A separate report today showed manufacturing in the US expanded in November for a fourth consecutive month. The Institute for Supply Management’s manufacturing index fell to 53.6, lower than economists forecast, from October’s three-year high of 55.7, according to the Tempe, Arizona-based group. Readings above 50 signal expansion.

Stocks remained higher after the reports and Treasuries stayed lower. The Standard & Poor’s 500 Index increased 0.9% to 1,105.73 at 10.08am in New York. The yield on the 10-year Treasury note rose to 3.25%, from 3.2% late yesterday.

Pending home sales are considered a leading indicator because they track contract signings. The Realtors’ existing- home sales report tallies closings, which typically occur a month or two later. The Realtors group started publishing the index in March 2005, and data goes back to January 2001.

Compared with October 2008, pending sales were up 29%, the biggest year-over-year gain since records began.

Tax incentives

President Barack Obama on Nov 6 extended the $8,000 (RM28,700) tax credit for first-time buyers until April 30 from Nov. 30, and expanded it to include some current owners.

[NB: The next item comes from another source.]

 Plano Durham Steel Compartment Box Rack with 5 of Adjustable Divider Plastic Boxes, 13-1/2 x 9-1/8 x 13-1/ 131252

“The tax credit is helping unleash pent-up demand from a large pool of financially qualified renters, much more than borrowing sales from the future,” Lawrence Yun, the NAR’s chief economist, said in a statement. Yun also said sales may see a “temporary decline” because of the timing of the extension.

Three of four regions saw increases, led by a 20 percent jump in the Northeast. Pending sales climbed 12% in the Midwest and 5.4% in the South, today’s report showed. The West reported an 11% drop.

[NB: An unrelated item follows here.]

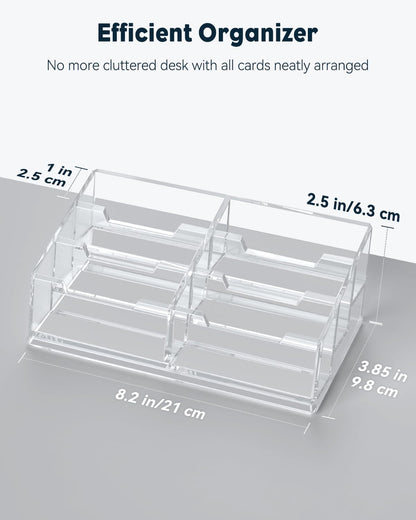 Uniclife Acrylic Business Card Holder for Desk 6 Slots Clear Business Card Display Stand for Men & Women Desktop Business Card Organizer Card Stand for Office Home Exhibition, 360 Card Capacity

Federal Reserve officials are doing their part to sustain the housing rebound by pledging to keep the benchmark interest rate near zero for an “extended period,” according to their announcement last month. The average rate on a 30-year fixed mortgage was 4.78% last week, matching the last week in April as the lowest since Freddie Mac started keeping records in 1972.

New, existing homes

Demand is steadying, reports showed last week. Combined sales of new and existing homes rose in October to a 6.53 million annual rate, the highest level since June 2007.

Companies reporting continued signs of stabilisation include Home Depot Inc, the largest US home-improvement retailer, and smaller rival Lowe’s Cos.

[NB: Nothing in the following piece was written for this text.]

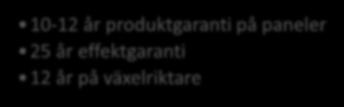 Driftkostnaden är i princip 0 kr/år Livslängd på minst 30 år Garanti 10-12 år produktgaranti på paneler 25 år effektgaranti 12 år på växelriktare Återbetalningstid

Sales at stores open at least a year rose in 45 of 50 states last quarter, “with some of the biggest improvements coming in areas hardest hit by the housing downturn,” Lowe’s Chief Executive Officer Robert Niblock said on a conference call with analysts on Nov 16. At the same time, “the broad based pressures of the macro environment are still evident in our sales.”

One constraint on demand is the weak labor market. The economy has lost 7.3 million jobs since the recession began in December 2007. The unemployment rate may exceed 10% through the first half of 2010, a Bloomberg survey showed.

Mounting joblessness and falling property values have spurred home-loan defaults. The number of houses worth less than the debt owed on them reached almost 10.7 million, or 23% of all mortgaged properties, at the end of the third quarter, according to a report last week from First American CoreLogic.